_What the exercise asks_
Your task is to copy the listing exactly, with the pictures left out.
============================================================
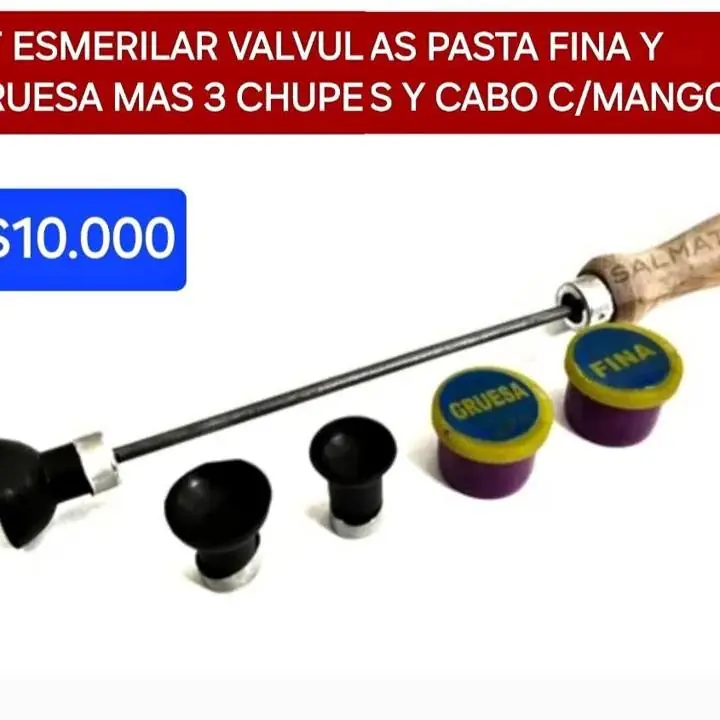 Kit esmerilar valvulas $10000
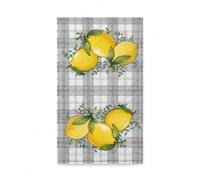 Serviette de cuisine motif marguerite pour l'été, l'automne, la plage, le citron, séchage rapide, cadeau de pendaison de crémaillère, convient pour la cuisine, la salle de bain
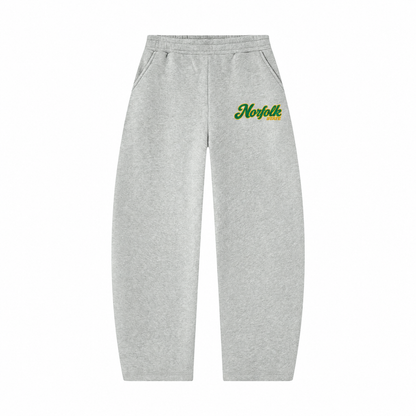 Norfolk corrected wide leg sweatpants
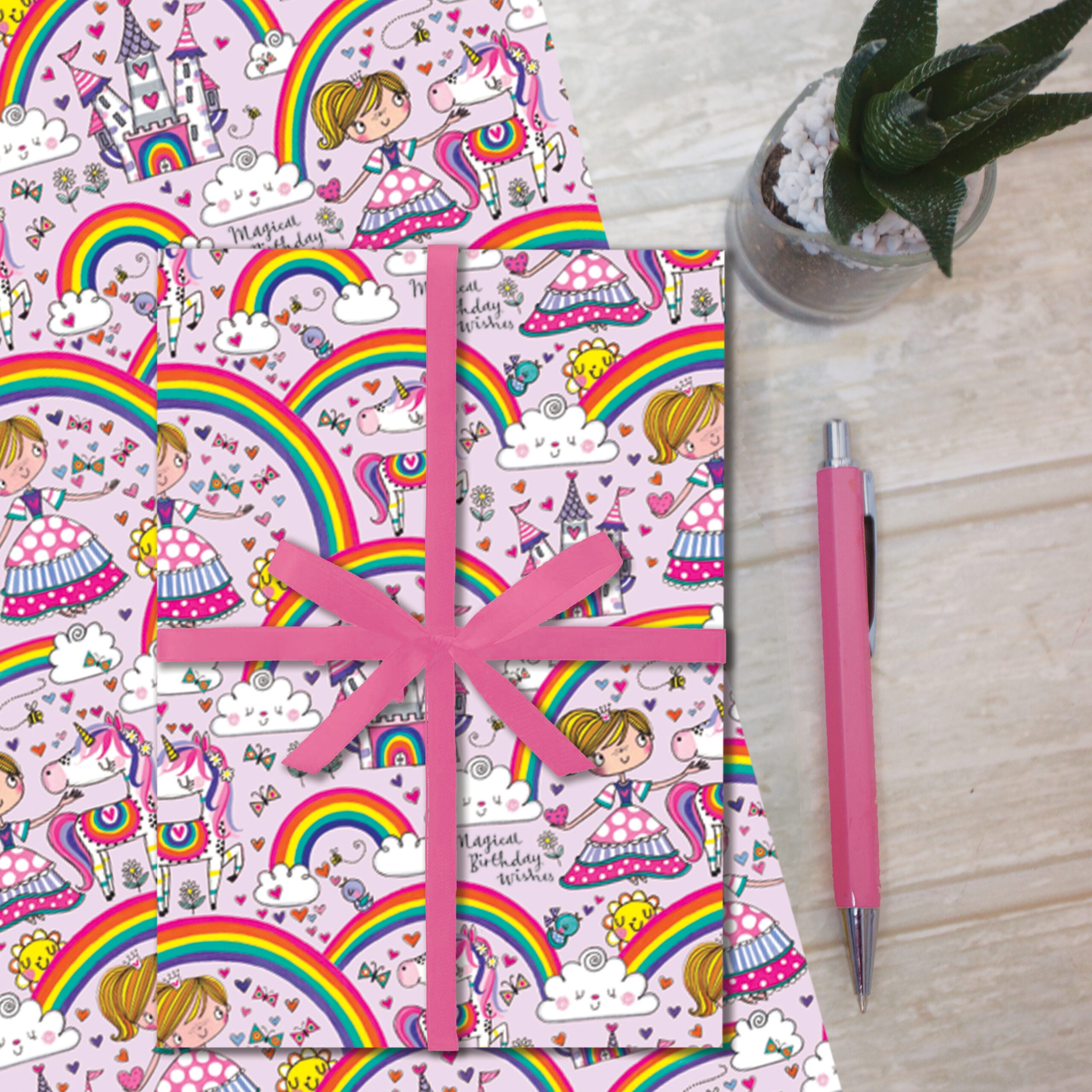 Flat Wrap - Princess & Rainbows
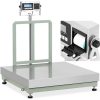 Platformas svars ar 100 x 100 cm 800 kg / 100 g LCD etiķetes printeri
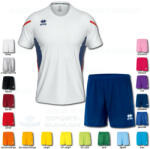 ERREA CURTIS & NEW SKIN SET futball mez + nadrág SZETT - fehér-sötétkék-piros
============================================================
_Expected answer_
 Kit esmerilar valvulas $10000
 Serviette de cuisine motif marguerite pour l'été, l'automne, la plage, le citron, séchage rapide, cadeau de pendaison de crémaillère, convient pour la cuisine, la salle de bain
 Norfolk corrected wide leg sweatpants
 Flat Wrap - Princess & Rainbows
 Platformas svars ar 100 x 100 cm 800 kg / 100 g LCD etiķetes printeri
 ERREA CURTIS & NEW SKIN SET futball mez + nadrág SZETT - fehér-sötétkék-piros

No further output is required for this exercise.